Hanley has been involved with state officials on the $8.8 million Main Street revitalization, and has tried to allay the concerns of downtown business owners who have seen a drop in sales as the project impedes pedestrians and vehicles.
Town officials also are working on a comprehensive rezoning that will shape the town's future for the next 10 years, and his experience will be an asset, he said.
"It would be good to have a seasoned commissioner in place," Hanley said.
He considers the transformation of Reckord Armory into a thriving community center after a $220,000 restoration last year a highlight of his tenure, he said.
James M. Decker, a former commissioner seeking a return to office, said he had the foresight to insist the town purchase the turn-of-the-century building during his tenure.
Decker, 79, has the most experienced in town government, which he says means he "can hit the floor running." He served a term on the commission, including a year as mayor, spent a decade on the town's Board of Zoning Appeals and another 10 years on the Planning Commission, including five years as chairman.
"With only 2.9 square miles, there is not much geography left to develop," Decker said. "We have managed to get more homes and places to shop and eat, but with that, we have also gotten the traffic."
Zoning, which governs everything from building height to facade guidelines, is critical to preserving Bel Air's small-town atmosphere, he said.
Patrick T. Richards, 42, the current Planning Commission chairman, said growth issues figured into his decision to run. Of particular concern is what BRAC, the expansion of military bases coming to Aberdeen Proving Ground, will mean to the county seat, he said. Harford's population will grow by thousands of residents in the next four years, according to BRAC officials.
"The county and town will have crucial growth issues to work through," Richards said. "We will have to take a more global view of development and how it affects town citizens."
Richards, who manages corporate real estate for Laureate Education Inc., said his business experience will help him deal with development pressures.

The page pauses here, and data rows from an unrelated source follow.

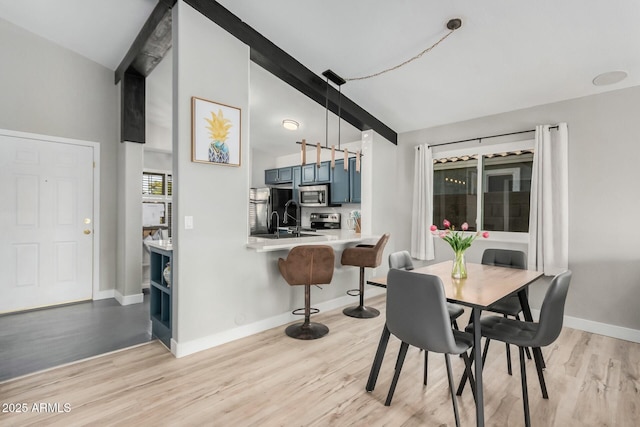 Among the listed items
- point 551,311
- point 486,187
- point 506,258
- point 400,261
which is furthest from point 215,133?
point 486,187

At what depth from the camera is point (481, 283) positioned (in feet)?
7.46

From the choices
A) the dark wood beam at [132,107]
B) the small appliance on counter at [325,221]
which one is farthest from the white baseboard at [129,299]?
the small appliance on counter at [325,221]

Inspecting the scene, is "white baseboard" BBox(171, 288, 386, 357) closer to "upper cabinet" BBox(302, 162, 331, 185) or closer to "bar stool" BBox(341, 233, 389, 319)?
"bar stool" BBox(341, 233, 389, 319)

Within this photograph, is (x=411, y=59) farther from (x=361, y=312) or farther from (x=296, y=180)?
(x=296, y=180)

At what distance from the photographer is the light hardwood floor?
6.41ft

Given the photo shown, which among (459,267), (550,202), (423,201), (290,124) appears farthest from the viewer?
(290,124)

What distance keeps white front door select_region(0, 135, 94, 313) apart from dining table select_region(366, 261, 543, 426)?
405 centimetres

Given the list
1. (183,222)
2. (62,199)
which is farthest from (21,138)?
(183,222)

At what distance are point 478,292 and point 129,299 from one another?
4164 mm

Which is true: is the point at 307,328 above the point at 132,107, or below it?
below

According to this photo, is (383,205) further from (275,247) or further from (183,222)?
(183,222)

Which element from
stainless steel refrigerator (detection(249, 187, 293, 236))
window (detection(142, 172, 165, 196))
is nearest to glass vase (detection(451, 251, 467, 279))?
stainless steel refrigerator (detection(249, 187, 293, 236))

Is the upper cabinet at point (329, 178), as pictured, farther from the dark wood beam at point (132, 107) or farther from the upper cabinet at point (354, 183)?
the dark wood beam at point (132, 107)

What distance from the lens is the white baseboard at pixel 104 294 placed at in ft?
14.4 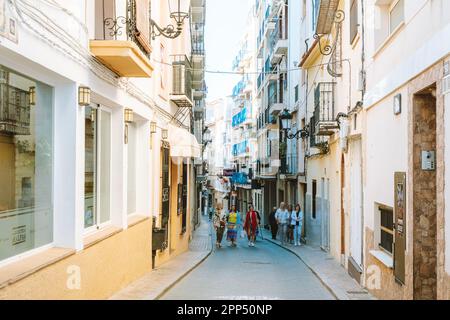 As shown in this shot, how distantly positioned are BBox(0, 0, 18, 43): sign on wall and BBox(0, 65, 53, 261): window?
516mm

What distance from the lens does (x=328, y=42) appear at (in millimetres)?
17484

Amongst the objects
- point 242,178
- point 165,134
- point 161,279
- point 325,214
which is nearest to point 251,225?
point 325,214

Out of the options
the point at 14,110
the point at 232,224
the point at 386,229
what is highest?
the point at 14,110

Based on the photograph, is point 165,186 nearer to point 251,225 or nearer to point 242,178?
point 251,225

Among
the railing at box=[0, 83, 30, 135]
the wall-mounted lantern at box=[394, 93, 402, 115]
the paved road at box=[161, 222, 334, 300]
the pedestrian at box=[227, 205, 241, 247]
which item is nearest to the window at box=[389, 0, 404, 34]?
the wall-mounted lantern at box=[394, 93, 402, 115]

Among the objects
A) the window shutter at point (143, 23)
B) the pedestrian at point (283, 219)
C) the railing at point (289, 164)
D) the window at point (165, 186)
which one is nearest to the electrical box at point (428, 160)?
the window shutter at point (143, 23)

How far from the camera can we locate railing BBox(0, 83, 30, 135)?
585cm

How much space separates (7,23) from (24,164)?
1717 millimetres

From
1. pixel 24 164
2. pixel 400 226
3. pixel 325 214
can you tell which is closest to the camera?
pixel 24 164

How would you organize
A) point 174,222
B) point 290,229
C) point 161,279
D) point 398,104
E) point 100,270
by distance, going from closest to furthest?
point 398,104 → point 100,270 → point 161,279 → point 174,222 → point 290,229

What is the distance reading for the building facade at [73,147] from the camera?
593 cm

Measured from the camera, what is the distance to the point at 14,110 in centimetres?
610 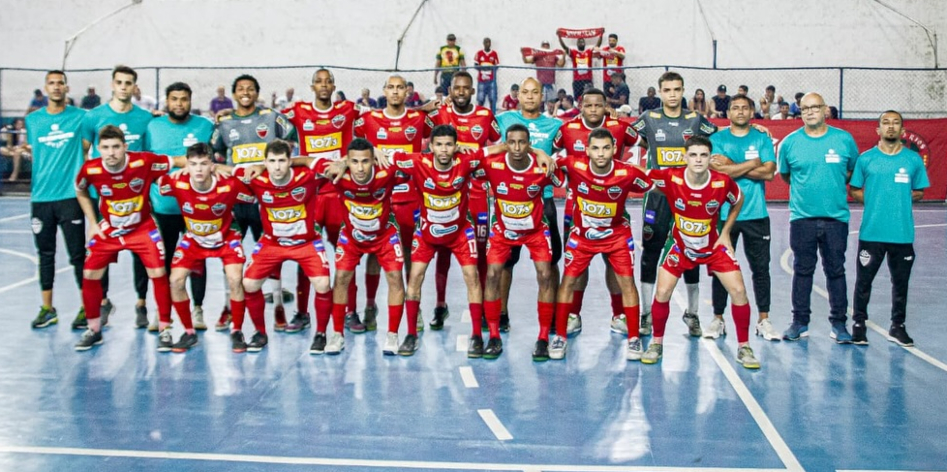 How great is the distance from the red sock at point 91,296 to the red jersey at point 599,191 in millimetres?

John W. Janowich, 49, owned two small businesses in the county before he opened a law practice in Bel Air. Now an assistant public defender, he is running for commissioner "to make sure we maintain the services and high quality of life that we have now," he said.
"It is time for me to give back to the community," Janowich said. "We have to preserve the past and our small-town values, as we prepare for the future, especially for BRAC, and keep up with population growth. There will have to be a balance."

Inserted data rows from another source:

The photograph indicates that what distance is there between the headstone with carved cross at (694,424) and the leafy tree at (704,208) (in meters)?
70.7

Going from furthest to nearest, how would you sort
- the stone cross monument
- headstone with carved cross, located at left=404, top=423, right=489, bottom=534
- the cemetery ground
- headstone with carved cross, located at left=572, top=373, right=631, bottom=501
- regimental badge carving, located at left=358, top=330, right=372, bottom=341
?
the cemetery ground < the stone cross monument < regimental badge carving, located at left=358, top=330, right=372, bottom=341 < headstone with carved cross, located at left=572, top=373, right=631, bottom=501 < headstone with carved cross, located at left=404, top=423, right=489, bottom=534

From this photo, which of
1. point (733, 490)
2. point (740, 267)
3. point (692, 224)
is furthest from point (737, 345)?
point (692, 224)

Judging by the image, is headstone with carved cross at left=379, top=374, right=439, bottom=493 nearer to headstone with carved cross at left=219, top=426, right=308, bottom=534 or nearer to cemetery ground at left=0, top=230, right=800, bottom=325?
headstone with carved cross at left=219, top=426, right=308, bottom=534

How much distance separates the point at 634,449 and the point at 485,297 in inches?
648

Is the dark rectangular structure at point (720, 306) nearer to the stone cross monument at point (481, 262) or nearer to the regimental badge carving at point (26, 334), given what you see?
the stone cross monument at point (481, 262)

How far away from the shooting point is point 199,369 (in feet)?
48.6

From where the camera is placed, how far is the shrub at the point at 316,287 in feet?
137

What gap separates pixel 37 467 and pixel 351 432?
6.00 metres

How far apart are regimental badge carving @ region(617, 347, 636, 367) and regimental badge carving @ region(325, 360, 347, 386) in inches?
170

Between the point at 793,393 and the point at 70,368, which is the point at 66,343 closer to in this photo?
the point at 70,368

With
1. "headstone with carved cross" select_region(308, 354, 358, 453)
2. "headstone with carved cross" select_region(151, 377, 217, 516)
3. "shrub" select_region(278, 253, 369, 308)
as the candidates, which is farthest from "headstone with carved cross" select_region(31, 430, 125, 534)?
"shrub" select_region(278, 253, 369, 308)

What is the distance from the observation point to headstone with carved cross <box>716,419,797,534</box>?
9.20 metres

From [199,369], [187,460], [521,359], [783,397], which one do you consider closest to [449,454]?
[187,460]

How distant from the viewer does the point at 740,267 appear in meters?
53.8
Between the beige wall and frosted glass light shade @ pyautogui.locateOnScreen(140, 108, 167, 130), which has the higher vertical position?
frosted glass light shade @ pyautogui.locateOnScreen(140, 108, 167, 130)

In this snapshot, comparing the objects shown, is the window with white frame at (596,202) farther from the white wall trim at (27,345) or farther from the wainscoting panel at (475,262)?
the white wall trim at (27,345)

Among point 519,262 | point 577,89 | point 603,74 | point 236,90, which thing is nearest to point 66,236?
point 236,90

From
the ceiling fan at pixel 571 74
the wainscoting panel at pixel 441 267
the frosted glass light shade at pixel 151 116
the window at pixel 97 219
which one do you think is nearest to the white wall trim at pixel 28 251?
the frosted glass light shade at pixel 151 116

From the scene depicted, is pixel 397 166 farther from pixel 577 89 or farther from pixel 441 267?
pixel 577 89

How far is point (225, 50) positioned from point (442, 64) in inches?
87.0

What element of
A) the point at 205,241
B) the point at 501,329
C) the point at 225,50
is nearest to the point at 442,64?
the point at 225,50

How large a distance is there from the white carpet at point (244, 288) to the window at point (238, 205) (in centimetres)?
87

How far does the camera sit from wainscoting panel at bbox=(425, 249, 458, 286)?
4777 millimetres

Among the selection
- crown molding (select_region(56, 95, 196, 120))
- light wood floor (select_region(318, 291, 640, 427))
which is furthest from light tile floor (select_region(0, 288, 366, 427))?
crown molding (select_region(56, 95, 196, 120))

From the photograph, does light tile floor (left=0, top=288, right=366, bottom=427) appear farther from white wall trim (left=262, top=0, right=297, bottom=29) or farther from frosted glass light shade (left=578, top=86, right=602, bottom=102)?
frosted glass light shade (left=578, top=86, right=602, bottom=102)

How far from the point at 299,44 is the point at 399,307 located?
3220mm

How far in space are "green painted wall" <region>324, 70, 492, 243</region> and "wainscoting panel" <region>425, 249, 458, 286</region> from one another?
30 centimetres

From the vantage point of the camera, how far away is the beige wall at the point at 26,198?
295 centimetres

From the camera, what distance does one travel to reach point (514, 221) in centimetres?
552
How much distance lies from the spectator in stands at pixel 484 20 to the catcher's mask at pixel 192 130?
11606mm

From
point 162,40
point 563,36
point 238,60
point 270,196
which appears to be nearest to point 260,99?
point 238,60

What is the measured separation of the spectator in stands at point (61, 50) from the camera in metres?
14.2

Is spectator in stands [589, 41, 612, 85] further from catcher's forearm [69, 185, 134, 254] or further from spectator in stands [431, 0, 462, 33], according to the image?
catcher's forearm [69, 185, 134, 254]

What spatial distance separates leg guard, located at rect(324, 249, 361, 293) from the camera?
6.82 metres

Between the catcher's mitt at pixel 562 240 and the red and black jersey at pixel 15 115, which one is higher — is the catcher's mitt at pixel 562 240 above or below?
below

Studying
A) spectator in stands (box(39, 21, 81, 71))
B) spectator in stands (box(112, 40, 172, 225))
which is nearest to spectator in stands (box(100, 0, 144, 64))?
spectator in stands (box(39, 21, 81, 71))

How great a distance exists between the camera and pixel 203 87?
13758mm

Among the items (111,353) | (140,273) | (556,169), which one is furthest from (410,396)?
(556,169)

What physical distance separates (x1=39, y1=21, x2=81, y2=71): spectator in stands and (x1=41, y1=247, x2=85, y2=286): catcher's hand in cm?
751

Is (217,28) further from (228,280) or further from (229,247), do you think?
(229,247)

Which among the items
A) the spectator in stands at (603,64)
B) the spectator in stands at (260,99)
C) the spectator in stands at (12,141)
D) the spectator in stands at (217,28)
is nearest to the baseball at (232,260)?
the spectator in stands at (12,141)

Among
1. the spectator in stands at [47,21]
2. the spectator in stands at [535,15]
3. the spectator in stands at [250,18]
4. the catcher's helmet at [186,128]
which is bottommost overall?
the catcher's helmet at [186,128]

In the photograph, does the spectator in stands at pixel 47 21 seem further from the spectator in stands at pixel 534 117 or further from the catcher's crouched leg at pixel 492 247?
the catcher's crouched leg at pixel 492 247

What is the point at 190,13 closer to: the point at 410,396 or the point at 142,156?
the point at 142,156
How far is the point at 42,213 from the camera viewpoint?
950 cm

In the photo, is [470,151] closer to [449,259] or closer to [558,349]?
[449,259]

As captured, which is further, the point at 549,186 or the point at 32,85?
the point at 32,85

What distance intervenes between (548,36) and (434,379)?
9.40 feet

Robert J. Reier, 42, is seeking to continue in the job to which he was appointed nearly a year ago to fill out the term of James V. McMahan, who moved on after being elected to the County Council.
"It has been an educational experience that has involved me in many town events," Reier said.
With a chiropractic practice in town, Reier said he understands the concerns of the business community, particularly about traffic and parking.
"The fact that there are no hot-button issues in this campaign means the commission is doing its job," Reier said.